Belfort sucumbe, implosiona, por ser incapaz de controlar el deseo que produce, ligar a tiempo el libre flujo de energías, como el propio sistema escapa al control de sus agentes y acaba explotando sus burbujas. No obstante, los daños son mínimos y la confianza no tarda en regresar.
Antaño, en los tiempos en los que la sabiduría era sinónimo de formación personal que encontraba su asiento en los saberes humanísticos, era prestigiada como un arte del buen vivir en el que encontraba su asiento la moral comunitaria. Hoy sólo se siente estima por el conocimiento que se orienta a la aplicación práctica. Los emprendedores no requieren de sabios. Platón o Séneca no valen para hacer dinero. No sirven ni para ganarse modestamente la vida.

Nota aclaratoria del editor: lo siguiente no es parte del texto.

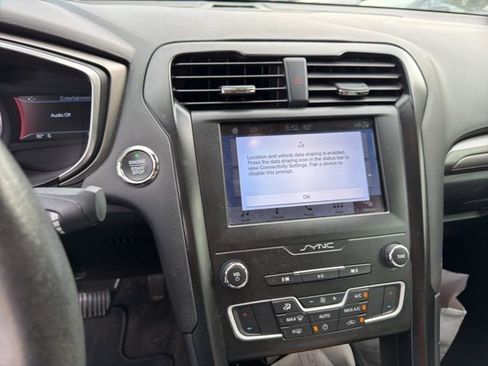 Used 2019 Ford Fusion SE w/ Equipment Group 151A image 10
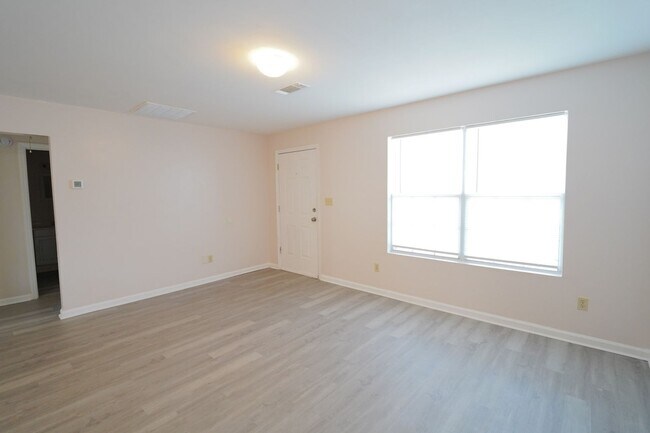 Photo - 3178 N Ridge Rd Unit Apt A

La conclusión de Scorsese es demoledora. No sólo no hay caída, ni redención posible o catarsis, Belfort renace como el portador de una nueva paideia que siguen acólitos entregados. Vender es su mantra. La riqueza, una promesa. «Solucionad vuestros problemas haciéndoos ricos».
El sistema necesita Belforts para producir deseo, como la economía a los emprendedores con cuyas historias desayunamos cada mañana.
Wall Street (1987, Oliver Stone), referente inexcusable del género y filme premonitorio, al ser estrenada el año del Lunes Negro, acababa siendo una fábula con la moraleja formulada de forma un tanto grosera. Dejábamos a Fox (Charlie Sheen) subiendo las escaleras del Tribunal de Justicia, aceptando de buen grado el castigo a su codicia en virtud de un código moral en el que Stone creía. Scorsese, más lúcido, sabe que la moral la codifican los ricos para que los pobres den por bueno el sistema. Honestidad, integridad, honor. Pregunten a banqueros, yernos y políticos qué les parecen a ellos estas hermosas palabras.
Fox y el Lobo se repiten el mismo adagio: No hay nobleza en la pobreza. La alternativa, sin embargo, tampoco parece noble.